When in school, you are always on your A-game. You have a planner with 10 different activities from 9 a.m to 11 p.m. every single day. You start preparing for your exams weeks in advance, and spontaneity is not an often occurrence during your semester. But what happens in the summer? You're either bound to a fully-loaded internship or working effortlessly in preparation for your next year. But your whole summer shouldn't be about that. That's why it is called a Summer Vacation.
Summer is the time to look back on the person that you became during the semester. Either that person was super ambitious and got the job offering right in the beginning or that person was able to succeed in their hardest classes for their major, or maybe, you were neither.
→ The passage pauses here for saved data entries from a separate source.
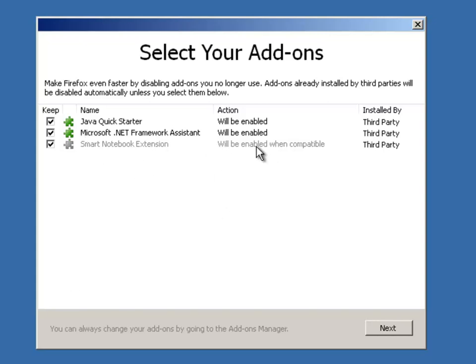If they're not working now, like you can see here for smart notebook extension, it says once there is a compatible add-on, it will be enabled.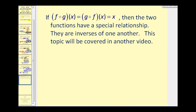One last comment: if we did determine F of G and it was equal to G of F, which was equal to X, then the two functions have a special relationship and they are inverses of one another. This topic will be covered in another video. Thank you for watching and have a good day.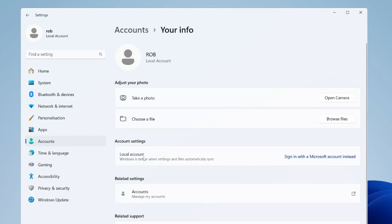As you can see, I've now got a local account here, and when we come down to account settings it says local account again. Now we have the option to sign in with a Microsoft account instead.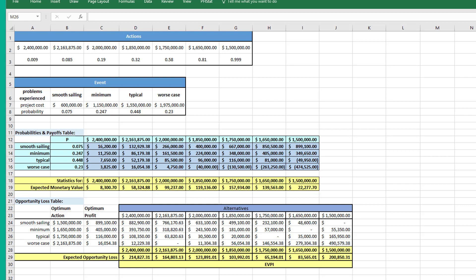Hi, this is Dr. Don. I want to go over pretty quickly problem one in module 7, assignment one, about the expected monetary cost and the expected value of perfect information. I've set up the problem this way, and remember you need to identify what your actions are and what your events are.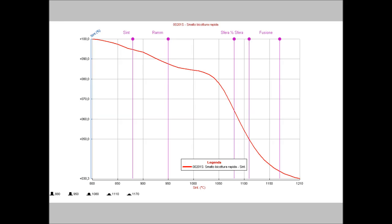The data gathered during the test can be seen as a plot. This is an example of the softening plot of a glaze. The lilac line on the plot shows the temperatures of sintering, softening sphere, half sphere and melting which are identified automatically.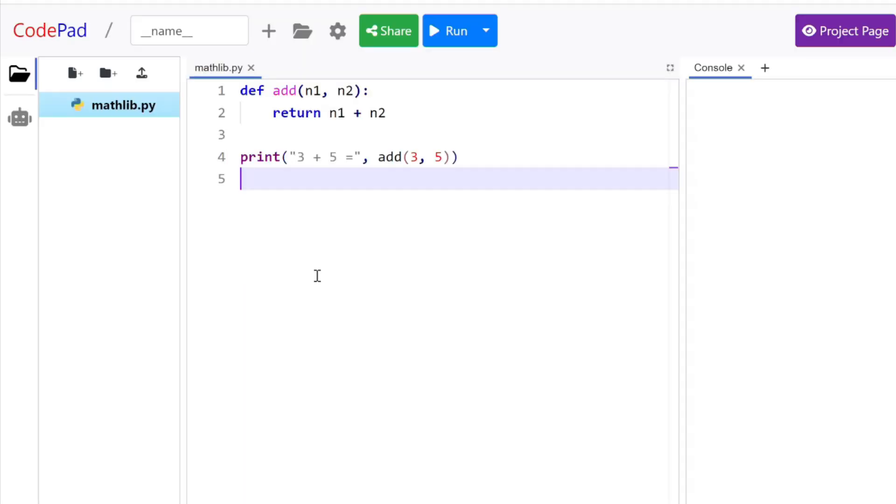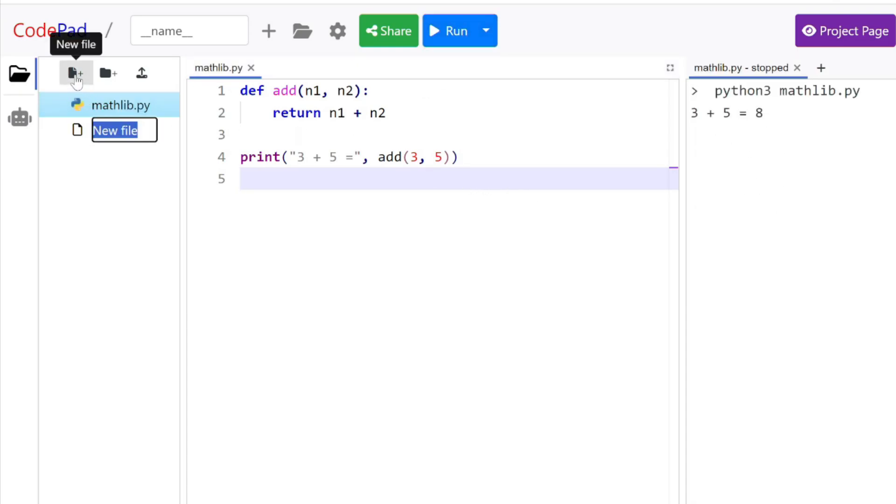Suppose you had a program called mathlib.py that defines an add function. You want to test this out by printing out an example. Here it's going to show you 3 plus 5 equals 8. Now you might want to share this fabulous math library with somebody else.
Maybe last semester you were struggling not just to get ahead but to keep up, and maybe you constantly felt that you will always being lagging behind the rest. But summer is not the time to continue stressing about these fears.
As teenagers and young adults today, our major threat is not drugs, or gangs, or rebellion. Our biggest problems are our stress and depression, and the belief that we need to be perfect and fit a certain silhouette in order to be capable of "making it" in society. Our parents can't help but remind us that our generation is the generation without jobs and without money. This is probably the worst news for us to hear because this generation is probably the most ambitious, the most culturally aware, and the most stressed out generation there ever was before. And this means our "breaks" no longer feel like breaks. Anytime we are left with idle time, it feels as if we lack focus, or lack enthusiasm, or are just plain lazy. But has anyone ever taken a look into how our previous generations lived at our ages?
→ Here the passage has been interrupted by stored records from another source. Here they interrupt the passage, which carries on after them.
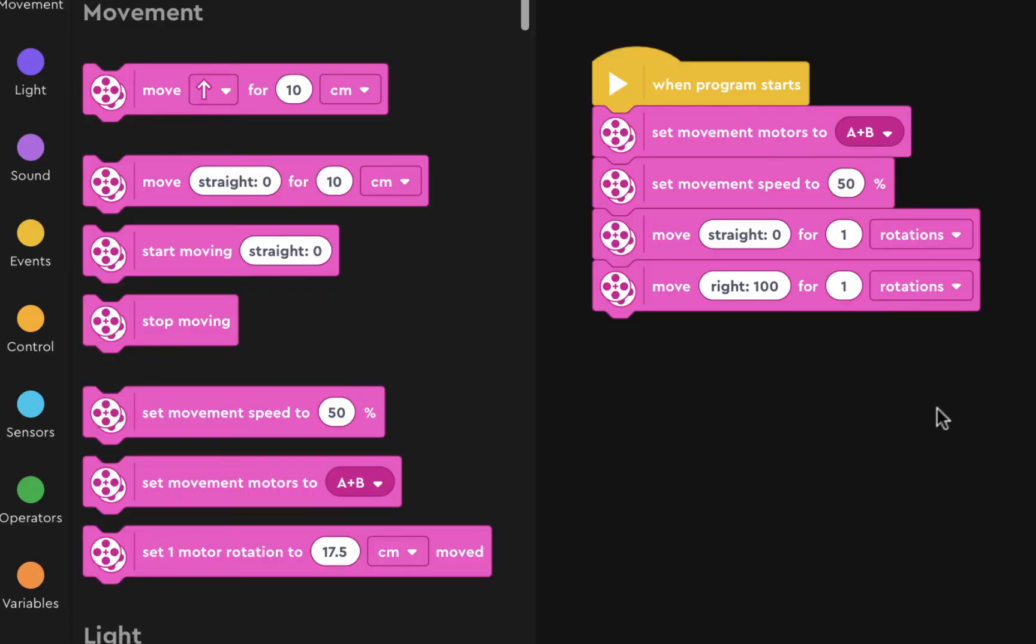All right so now I'd like you to play around with this code and figure out how to make the robot go forward and do an exact 180 degree turn.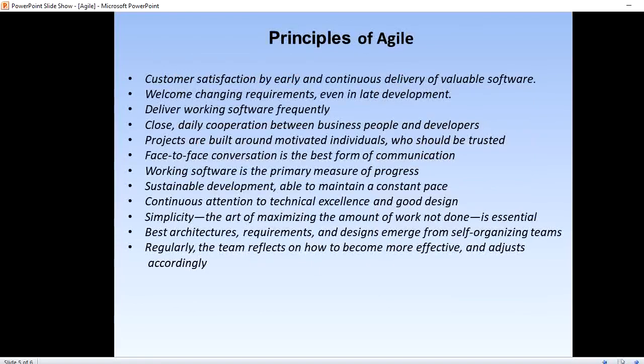Now for the 12 principles of Agile methodology. The first principle is customer satisfaction through early and continuous delivery of valuable software — customers are happier when they receive working software at regular intervals rather than waiting extended periods between releases. The second principle is welcoming changing requirements even in late development — the ability to accommodate requirement or feature changes without delays. The third principle is to deliver working software frequently; Scrum accommodates this since teams operate in sprints that ensure regular delivery.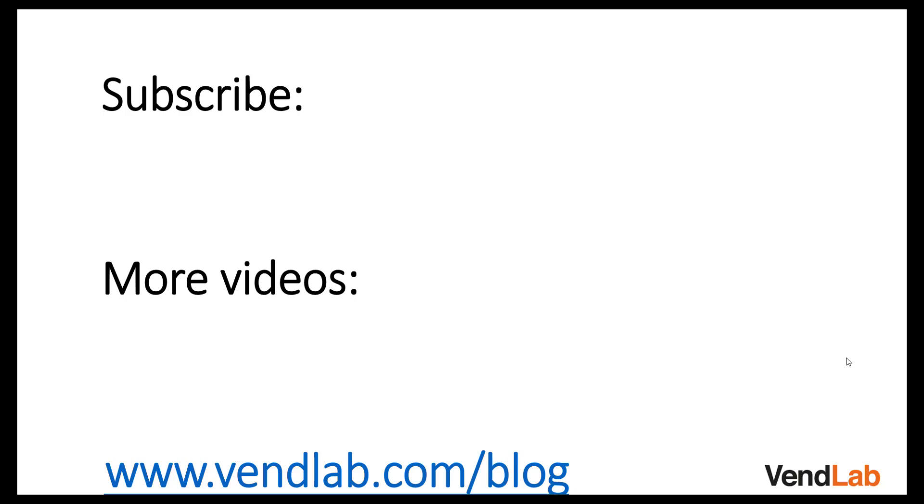Thanks for watching this video. For more content please subscribe to our channel or check out our Amazon playlist. You can also see more hints and tips at our website which is vendlab.com blog.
For what seems like hundreds of years, summer vacation has always remained crucial to the lives of young adults. It is not only a time to not be in school, it is also a time to change and grow without being tested or quizzed. It is why when we were younger, we always noticed the most significant changes in people from the time stretches of summer vacation. The most of what changes us is not the career path we pursue but the experiences that we pursue to change us.
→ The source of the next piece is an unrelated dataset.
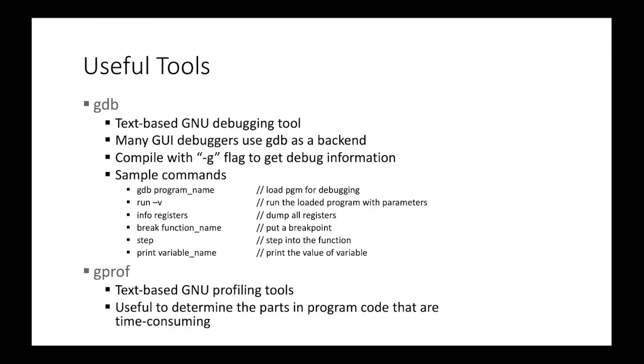Let's talk about two useful tools. The first one is GDB. GDB is a text-based GNU debugging tool, which is the best friend of GCC. And many GUI debuggers like Eclipse, they use GDB as a back-end. So to use GDB, we need to compile with the dash lowercase g flag, so that the compiler generates the debug information. And here are simple commands. So to load, we use GDB and we run and we can check the register values and we can put breakpoint and we can step into and we can print the value of some variables.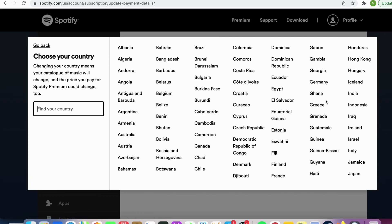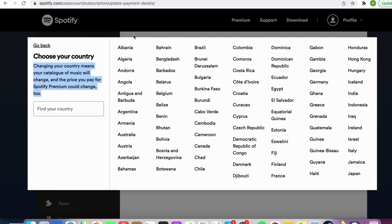As you can see, changing your country means your catalog of music will change and the price you pay for Spotify Premium could change as well. So this is how to change Spotify country.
Summer time is a time to pursue something different, whether that be through your internship in a field you are trying out, a relationship with a new person you met at the beach, an international job where you get to learn a new culture, or from just staying at home and deciding if the people you need in your life are the ones right in your own neighborhood. Whatever the choice may be, you want to be the person that grows from their summer experience. Don't be that college student that comes back just the same as they were before: entitled, selfish, and boring. Don't let summer keep you unmovable. Let your summer move you.